国立映画アーカイブで、伊丹十三「お葬式」

妻(宮本信子)の父親を亡くし急遽、お葬式をすることになった俳優(山崎努)が、告別式から火葬場まで死を見送る三日間のドタバタを、死者である妻の父親目線からシニカルかつユーモラスに描いた、でも観終わった後にほっこり優しい気持ちになれる感動で泣ける群像喜劇の大傑作。

私が20代の若い頃に観て以来、30年以上ぶりに観る「お葬式」は新たな大発見があった。これ、ヒキのカメラで第三者目線でお葬式のドタバタを撮ってる訳じゃない。死んだはずの信子の父親が魂はまだ残っていてじっと家族の有様を見つめてるんだよね。俺が亡き後、どう始末を付けるのかって。

30年経っても相変わらずどスケベな私にとって最も印象に残るのはやっぱり高瀬春奈(笑)お葬式手伝いに来たという割にラリってるようなメンヘラ喪服女は想像通りの山崎の愛人でw林の中に連れ込んでイチャイチャするシーンがエロい!喪服の女ってやっぱりそそるんだよなあ(*'▽')

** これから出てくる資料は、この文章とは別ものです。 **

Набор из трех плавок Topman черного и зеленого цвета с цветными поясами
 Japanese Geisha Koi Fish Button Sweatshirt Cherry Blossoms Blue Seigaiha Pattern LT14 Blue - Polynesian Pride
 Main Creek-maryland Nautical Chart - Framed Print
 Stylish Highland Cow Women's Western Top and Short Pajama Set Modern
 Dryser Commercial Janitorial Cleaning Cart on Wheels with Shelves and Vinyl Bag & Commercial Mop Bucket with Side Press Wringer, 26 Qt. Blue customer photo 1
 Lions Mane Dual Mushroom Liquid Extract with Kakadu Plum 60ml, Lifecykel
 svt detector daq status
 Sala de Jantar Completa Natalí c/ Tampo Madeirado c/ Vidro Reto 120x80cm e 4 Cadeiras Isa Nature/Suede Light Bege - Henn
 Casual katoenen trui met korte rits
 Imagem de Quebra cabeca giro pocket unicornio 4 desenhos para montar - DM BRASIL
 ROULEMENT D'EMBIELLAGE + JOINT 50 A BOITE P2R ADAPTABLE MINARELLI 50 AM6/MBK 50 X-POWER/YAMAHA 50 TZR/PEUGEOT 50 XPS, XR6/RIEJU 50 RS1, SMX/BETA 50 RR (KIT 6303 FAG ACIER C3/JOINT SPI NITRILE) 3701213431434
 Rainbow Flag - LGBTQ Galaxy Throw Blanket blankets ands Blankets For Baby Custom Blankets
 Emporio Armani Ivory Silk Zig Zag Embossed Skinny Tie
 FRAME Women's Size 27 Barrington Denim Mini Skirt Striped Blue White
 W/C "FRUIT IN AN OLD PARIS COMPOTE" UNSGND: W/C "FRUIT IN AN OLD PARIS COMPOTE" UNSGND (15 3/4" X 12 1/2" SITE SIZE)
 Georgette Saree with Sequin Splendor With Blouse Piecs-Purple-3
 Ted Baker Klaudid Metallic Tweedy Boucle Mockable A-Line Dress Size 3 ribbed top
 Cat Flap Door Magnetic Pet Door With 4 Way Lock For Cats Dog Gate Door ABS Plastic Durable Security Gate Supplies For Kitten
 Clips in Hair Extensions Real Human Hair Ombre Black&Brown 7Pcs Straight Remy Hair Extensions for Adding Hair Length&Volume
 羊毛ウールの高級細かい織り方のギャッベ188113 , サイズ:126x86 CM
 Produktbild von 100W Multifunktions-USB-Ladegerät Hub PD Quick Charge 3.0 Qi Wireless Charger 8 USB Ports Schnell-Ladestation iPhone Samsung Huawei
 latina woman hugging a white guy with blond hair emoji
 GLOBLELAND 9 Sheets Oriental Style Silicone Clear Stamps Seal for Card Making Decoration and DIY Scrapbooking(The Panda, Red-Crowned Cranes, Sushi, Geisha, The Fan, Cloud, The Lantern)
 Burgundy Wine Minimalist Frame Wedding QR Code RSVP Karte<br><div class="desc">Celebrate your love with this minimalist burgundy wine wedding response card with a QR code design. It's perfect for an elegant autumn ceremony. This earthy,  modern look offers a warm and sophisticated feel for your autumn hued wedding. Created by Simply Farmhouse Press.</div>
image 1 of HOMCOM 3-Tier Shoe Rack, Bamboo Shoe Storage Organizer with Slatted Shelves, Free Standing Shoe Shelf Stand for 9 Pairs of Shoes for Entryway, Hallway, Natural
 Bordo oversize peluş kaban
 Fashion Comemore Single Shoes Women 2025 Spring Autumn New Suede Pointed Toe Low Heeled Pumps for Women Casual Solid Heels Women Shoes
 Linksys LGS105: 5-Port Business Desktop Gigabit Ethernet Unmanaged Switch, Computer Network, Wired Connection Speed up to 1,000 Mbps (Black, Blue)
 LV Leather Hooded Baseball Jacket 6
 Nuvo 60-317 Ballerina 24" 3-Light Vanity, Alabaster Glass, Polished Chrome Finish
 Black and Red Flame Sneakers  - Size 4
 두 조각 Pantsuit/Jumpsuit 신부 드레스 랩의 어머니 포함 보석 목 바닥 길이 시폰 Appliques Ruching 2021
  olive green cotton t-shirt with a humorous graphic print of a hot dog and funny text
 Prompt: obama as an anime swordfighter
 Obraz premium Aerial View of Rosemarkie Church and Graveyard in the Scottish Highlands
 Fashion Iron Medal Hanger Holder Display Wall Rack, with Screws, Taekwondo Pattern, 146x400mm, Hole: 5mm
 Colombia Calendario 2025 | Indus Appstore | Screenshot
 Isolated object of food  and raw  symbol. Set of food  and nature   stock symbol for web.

春奈を一刻も早くお葬式から遠ざけたい山崎にとって、春奈とキスしてカッコよく送り出そうとしたもののダダこねて帰ってくれず、でも喪服の下にスカイブルーのどエロい下着履いてて思わず欲情して一発ヤッちゃう山崎の気持ち、男だったら誰でも分かるよ。お葬式ならではの醍醐味w

亡くなった信子の父親目線でこの作品を観ることになろうとは、もう私も齢をとったものだなトホホとも思いつつ、この目線で見ると死んだ俺のことを誰が一番悲しがってくれてるの?となるんだけど妻の菅井きんは喪主を淡々とこなしていてどこかクールw隣人の方が悲しんでくれてる。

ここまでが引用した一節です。